··· Supplied entries ···

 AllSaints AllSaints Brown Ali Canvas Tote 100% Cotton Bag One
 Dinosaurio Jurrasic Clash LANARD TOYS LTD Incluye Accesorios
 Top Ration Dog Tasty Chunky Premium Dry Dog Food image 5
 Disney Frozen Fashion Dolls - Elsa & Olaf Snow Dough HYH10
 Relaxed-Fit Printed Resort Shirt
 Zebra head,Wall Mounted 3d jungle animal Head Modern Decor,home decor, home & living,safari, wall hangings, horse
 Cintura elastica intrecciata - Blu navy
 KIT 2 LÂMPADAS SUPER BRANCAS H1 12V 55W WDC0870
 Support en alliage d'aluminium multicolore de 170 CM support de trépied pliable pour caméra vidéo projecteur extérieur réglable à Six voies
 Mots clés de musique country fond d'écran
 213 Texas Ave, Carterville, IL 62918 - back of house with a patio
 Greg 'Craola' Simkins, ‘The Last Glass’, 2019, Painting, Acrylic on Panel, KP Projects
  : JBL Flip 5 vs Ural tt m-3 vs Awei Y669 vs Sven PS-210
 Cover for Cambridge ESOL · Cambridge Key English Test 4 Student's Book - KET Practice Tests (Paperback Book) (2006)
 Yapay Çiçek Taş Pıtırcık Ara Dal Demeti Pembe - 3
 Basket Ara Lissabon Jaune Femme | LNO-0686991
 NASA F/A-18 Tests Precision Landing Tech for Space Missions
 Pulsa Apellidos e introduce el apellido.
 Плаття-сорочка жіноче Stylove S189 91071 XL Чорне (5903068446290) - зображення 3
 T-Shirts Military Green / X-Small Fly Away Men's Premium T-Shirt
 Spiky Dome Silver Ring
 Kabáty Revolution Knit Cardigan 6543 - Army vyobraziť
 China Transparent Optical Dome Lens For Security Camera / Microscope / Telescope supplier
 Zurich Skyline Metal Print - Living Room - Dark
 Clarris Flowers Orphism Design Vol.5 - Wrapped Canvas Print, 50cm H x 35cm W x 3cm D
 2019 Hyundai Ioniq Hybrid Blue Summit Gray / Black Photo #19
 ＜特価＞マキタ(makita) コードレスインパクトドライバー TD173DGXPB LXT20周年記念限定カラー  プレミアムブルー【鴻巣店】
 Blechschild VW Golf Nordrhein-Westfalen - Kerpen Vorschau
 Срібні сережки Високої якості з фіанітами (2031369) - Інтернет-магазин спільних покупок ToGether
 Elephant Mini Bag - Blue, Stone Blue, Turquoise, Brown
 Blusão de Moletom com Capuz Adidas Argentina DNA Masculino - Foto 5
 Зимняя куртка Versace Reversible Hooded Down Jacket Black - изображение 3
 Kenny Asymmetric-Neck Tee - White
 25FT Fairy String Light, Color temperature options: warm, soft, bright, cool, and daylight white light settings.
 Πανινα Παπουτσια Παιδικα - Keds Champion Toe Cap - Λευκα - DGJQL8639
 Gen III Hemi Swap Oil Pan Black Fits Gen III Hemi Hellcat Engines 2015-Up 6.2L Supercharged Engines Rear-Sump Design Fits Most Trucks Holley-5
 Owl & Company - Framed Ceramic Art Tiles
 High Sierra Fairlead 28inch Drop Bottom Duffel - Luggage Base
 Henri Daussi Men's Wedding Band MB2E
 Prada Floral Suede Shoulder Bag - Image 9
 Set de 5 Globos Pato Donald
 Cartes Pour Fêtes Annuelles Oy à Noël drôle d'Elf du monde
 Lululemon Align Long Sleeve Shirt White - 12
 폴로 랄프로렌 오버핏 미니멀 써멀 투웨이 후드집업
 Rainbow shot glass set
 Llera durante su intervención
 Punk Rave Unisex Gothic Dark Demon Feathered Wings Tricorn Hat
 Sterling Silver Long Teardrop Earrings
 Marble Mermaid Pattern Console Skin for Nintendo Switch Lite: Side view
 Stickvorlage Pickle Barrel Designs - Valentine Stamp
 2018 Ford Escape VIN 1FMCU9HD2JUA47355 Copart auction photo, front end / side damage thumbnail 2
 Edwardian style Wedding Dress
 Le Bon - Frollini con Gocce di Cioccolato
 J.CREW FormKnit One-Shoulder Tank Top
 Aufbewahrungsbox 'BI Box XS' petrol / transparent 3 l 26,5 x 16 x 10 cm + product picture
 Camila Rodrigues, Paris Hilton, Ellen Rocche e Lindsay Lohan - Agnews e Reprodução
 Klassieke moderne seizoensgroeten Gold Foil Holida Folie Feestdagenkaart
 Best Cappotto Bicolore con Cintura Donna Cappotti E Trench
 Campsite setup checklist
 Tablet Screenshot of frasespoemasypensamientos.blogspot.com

···

Using the records above, copy all lines that include the word "Blue".

 2019 Hyundai Ioniq Hybrid Blue Summit Gray / Black Photo #19
 Elephant Mini Bag - Blue, Stone Blue, Turquoise, Brown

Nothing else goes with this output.